Coconut meat – the white, fleshy part – can be eaten raw or dried and is highly nutritious as it

contains protein and is rich in manganese, copper, iron and selenium.

Leanne says coconuts are also a good source of dietary fibre.

“Dried coconut can be a really good way to add fibre to muffins or muesli,” she suggests.

Beneficial coconut oil

Thanks to its fatty content, coconut oil is a particularly good moisturiser – when applied to the skin, it acts as an emollient, trapping in water to leave your skin feeling soft and silky.

Naturopathic skin specialist Elissa Roy says this is what makes coconut oil so great for hydration.
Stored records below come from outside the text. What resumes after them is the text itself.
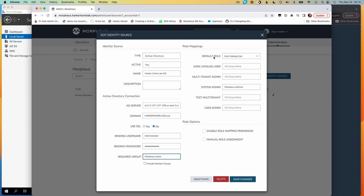We do have to define a default role. What that does is if the Active Directory user's associated groups don't line up with any specific role mapping I've created within Morpheus, it will fall back on that particular role. So a good practice is to set a role that gives a lesser right set, so that you're only giving higher levels of rights to very specific individuals. My default role is the catalog user, which gives the user access only to a specific service catalog view within Morpheus — they won't be able to get into the standard persona.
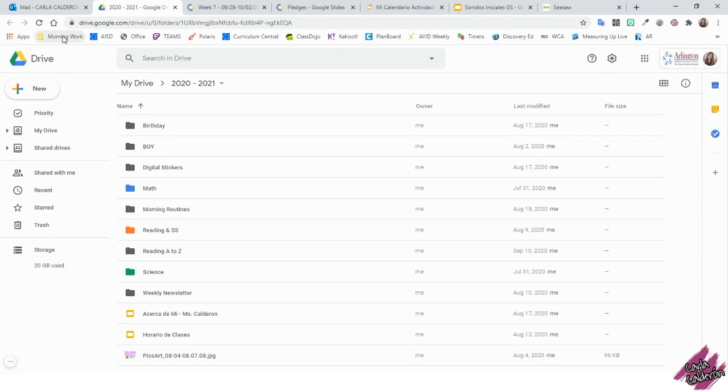When you click on the folder, it's going to say Empty because we haven't added any websites yet. Here, I'm on my email and I'm going to double-click on the URL. Once I have selected the whole URL, then I'm just going to drag it into the folder.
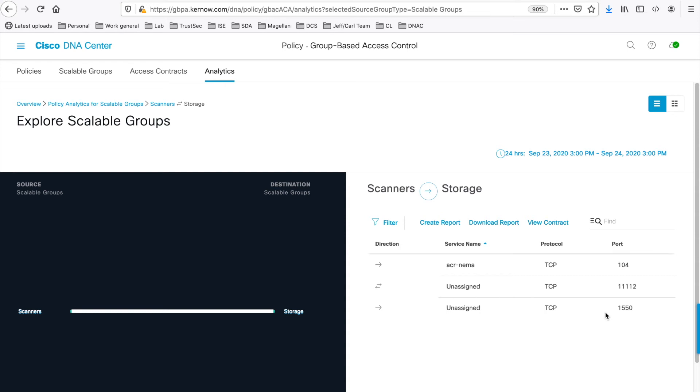Communications engineers working in the medical industry will recognise these ports as typically being used for the DICOM protocol. DICOM standing for Digital Imaging and Communications in Medicine, which is used for the communication and management of medical imaging information and related data.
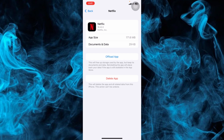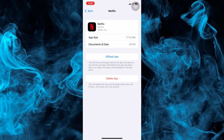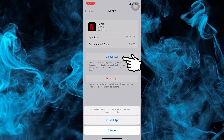Now we have two options here. The first one is to offload the app, and the second one is to delete the app. We need to tap on Offload App. This will free storage used by the app but keep its documents and data. Reinstalling the app will place back your data if the app is still available in the App Store. So we're going to tap Offload App.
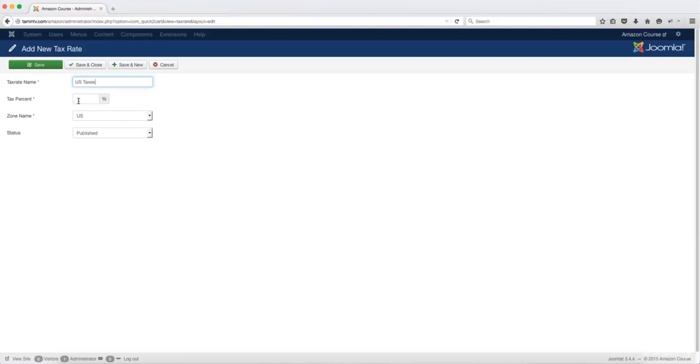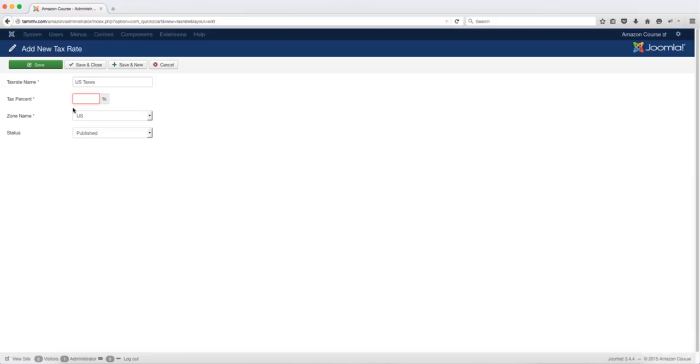This is where you want to put in the percent. What percent do you want to charge for taxes? This is going to apply on the front end when someone makes a purchase. When someone makes a purchase and they fall within the tax zone that you're setting, they are going to be automatically charged whatever number you put here.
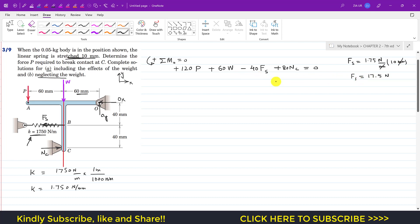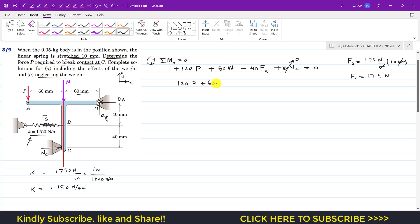To break contact at point C, Nc becomes zero, so there is no reaction force at C. Setting Nc = 0 eliminates that term, leaving the main equation: 120P + 60W − 40Fs = 0.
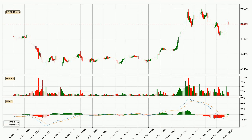Looking at the three-hourly MACD, the MACD line is above the signal line, meaning that the trend is currently on the up. The MACD histogram shows that the momentum is currently strong and the price could be expected to go further to the upside.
“The coconut oil supports healthy skin barrier function and it’s also antimicrobial, so, it’s effective as an antifungal and helps to keep the skin microbiome in balance,” Elissa says.

But she cautions that people prone to breakouts may want to steer clear.

Because coconut oil also contains medium-chain triglycerides – a type of fat that gives your body energy – it has become popular in several trending diets, including ketogenic and Paleo diets.

However, Leanne warns “coconut oil’s high saturated fat content contributes to an increased risk of blood cholesterol, so people with a history of heart disease and/or high cholesterol should avoid using it in food.”

Healthful haircare

Coconut oil is great for keeping your locks looking healthy.

It’s able to penetrate the hair shaft, and applying it to your tresses, both before and after washing, can help reduce protein loss.

Some people believe coconut oil can help hair grow longer by protecting it from the wear and tear of daily styling.

One study found that coconut oil mixed with anise and ylang ylang oil was effective in treating head lice.

It’s good for eco-friendly products

Coconut husk fibre, or coir, is lightweight yet strong and elastic, and is used to make rope, mats, bags and cleaning brushes.

A renewable resource, coconut shell has emerged as one of the best forms of activated carbon for water filtration.

Durable, compostable and easy to carve, it’s also used to make a whole range of eco-friendly products – think bowls, utensils, jewellery, buttons, even sustainable wooden sunglasses.